引用 A-1 Pictures/アニプレックス
学名では、【リコリス・ラジアータ】とも呼ばれます。
ラジアータ―ってどこかで聞きませんでした? そう、DAのAIを統括するシステムのようなもの。
でも、ここではそんな重要な知識ではないので省略していきます。
彼岸花の情報として、原産地が中国であること、秋の彼岸である9月頃に、鮮やかな赤い花を咲かせ、秋の終わりに葉が伸びて翌年の初夏に枯れることがあげられますが……この辺が、どうにも千束の未来を暗示しているようでちょっと怖くなります……
が、ここも千束の将来を暗示している可能性はあっても、他にも暗示しているシーンなり歌詞なり結構あるので、今さらでしょう。
彼岸花で重要な情報は、以前にもこの記事で書きましたが、地下の球根に強い毒性を有すること。
そして、有毒植物ではあるのですが、以前は救荒作物として鱗茎のデンプンを毒抜きして食べられていた、ということも書いています。
【グッドエンディングを想像するのであれば、リコリスという毒を抜くことで、人を殺すことなく治安を維持する組織に生まれ変わる、という暗喩なのかとも思うんですが、何を毒とするかで解釈が全く異なってくるんですよね】
私はリコリスを毒として解釈して先程の記事を書いたんですが……
【毒を抜く、という対象がリコリスではなく、千束だったらどういう解釈になる? 抜く……心臓を抜き取る、なんて流石にないよな……だが心臓に何からの制限をかける、くらいは第八話の様子から判断しても有り得そうだし……あるいは救荒作物としてではなく、あくまで『毒』としての暗喩だったら、人工心臓に手を加えることで、千束の人格を変えてしまう、とか……】
と、色々と想像を巡らせておりました。
第八話の結果は、人工心臓に再充電ができなくなる、寿命の制限でした……
で、今回のお話しになる、リコリス・リコイルの【リコイル】の方面から解釈を加えることで、結末の予想ができないか、想像してみました。

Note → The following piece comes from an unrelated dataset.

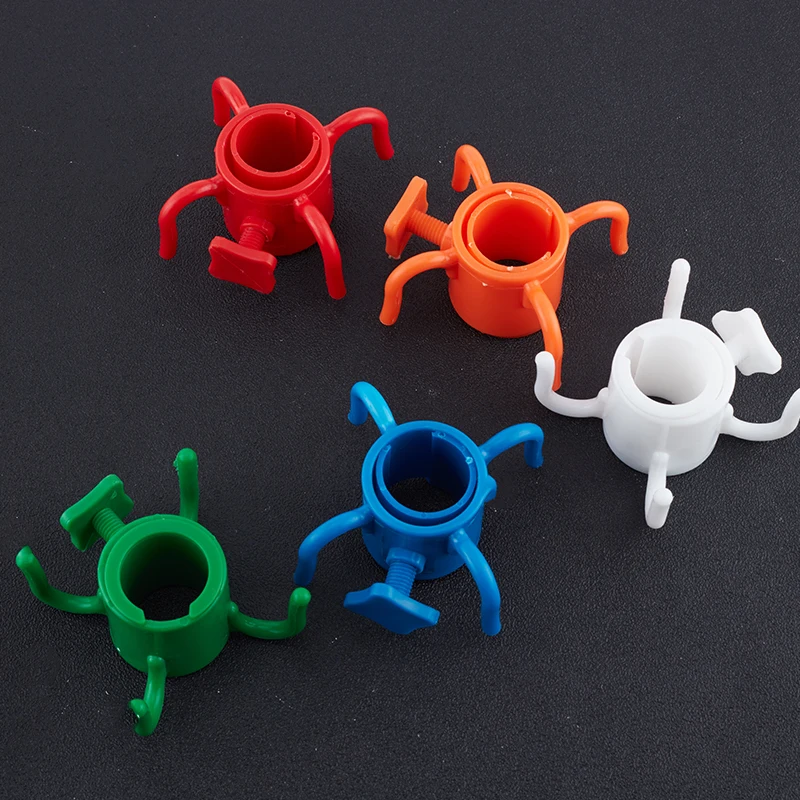 Beach Umbrella Hanging Hook, 4-prongs Plastic Umbrella Hook Hanging for Towels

リコイルには、大まかに二つの意味があると私は考えています。
まず、銃器にあるリコイル、という作動方式からの意味。
ショート・リコイル、ロング・リコイルというものがあり、反動利用式の中で最も広く使用されている作動方式がショート・リコイルになります。
引用 A-1 Pictures/アニプレックス
弾丸を発射する際には、銃身とボルト(銃の基部にある部位の名称。 薬室への弾薬の装塡及び撃発、後部へのガス漏れの閉鎖、発射後の空薬莢の排除等を行います。遊底、という名称でも呼ばれます)が結合された状態のままで、反動によって後退します。
この後退の途中で、閉鎖が解除されることによって銃身が停止し、遅れてボルトが停止するまでの間に抽筒・排莢が行われる。
これが、何故『ショート・リコイル』と呼ばれるかと言うと、ボルトの後退途中、比較的短い距離で閉鎖が解けるためですね。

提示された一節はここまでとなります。